[[ DATA SECTION, beginning ]]
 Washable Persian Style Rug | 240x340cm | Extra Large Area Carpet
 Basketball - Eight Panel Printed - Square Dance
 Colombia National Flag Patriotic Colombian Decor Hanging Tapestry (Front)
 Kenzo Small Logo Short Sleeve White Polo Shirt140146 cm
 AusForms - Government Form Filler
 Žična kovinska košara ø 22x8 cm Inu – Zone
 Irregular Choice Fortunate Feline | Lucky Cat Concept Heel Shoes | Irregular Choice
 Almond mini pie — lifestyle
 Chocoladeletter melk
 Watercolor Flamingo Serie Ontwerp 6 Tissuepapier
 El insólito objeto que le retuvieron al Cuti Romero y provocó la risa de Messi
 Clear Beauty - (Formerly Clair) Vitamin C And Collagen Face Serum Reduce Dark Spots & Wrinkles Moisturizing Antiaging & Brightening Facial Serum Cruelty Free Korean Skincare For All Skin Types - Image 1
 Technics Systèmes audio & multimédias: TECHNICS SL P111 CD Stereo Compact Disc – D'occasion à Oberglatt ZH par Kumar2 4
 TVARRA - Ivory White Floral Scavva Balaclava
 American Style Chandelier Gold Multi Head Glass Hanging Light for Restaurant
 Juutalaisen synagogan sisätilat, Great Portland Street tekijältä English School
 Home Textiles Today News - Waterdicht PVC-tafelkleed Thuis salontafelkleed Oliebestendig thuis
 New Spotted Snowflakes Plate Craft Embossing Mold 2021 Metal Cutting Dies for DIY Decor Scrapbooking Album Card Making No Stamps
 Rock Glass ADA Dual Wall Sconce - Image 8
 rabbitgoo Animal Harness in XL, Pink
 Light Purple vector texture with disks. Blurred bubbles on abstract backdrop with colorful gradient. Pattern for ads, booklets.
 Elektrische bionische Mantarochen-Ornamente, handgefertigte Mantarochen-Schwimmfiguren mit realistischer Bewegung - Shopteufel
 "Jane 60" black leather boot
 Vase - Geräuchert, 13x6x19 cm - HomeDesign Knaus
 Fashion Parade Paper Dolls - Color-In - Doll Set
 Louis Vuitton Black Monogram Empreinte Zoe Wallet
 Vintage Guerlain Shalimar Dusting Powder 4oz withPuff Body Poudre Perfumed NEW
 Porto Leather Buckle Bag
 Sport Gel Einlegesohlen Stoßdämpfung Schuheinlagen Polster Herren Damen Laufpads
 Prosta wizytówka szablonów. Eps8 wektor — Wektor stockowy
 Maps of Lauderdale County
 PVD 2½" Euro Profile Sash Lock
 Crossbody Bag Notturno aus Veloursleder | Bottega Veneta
[[ DATA SECTION, end ]]
EXERCISE => Please report the number of lines in the data that include "Decor", with no other words.

WRITTEN RESPONSE => 2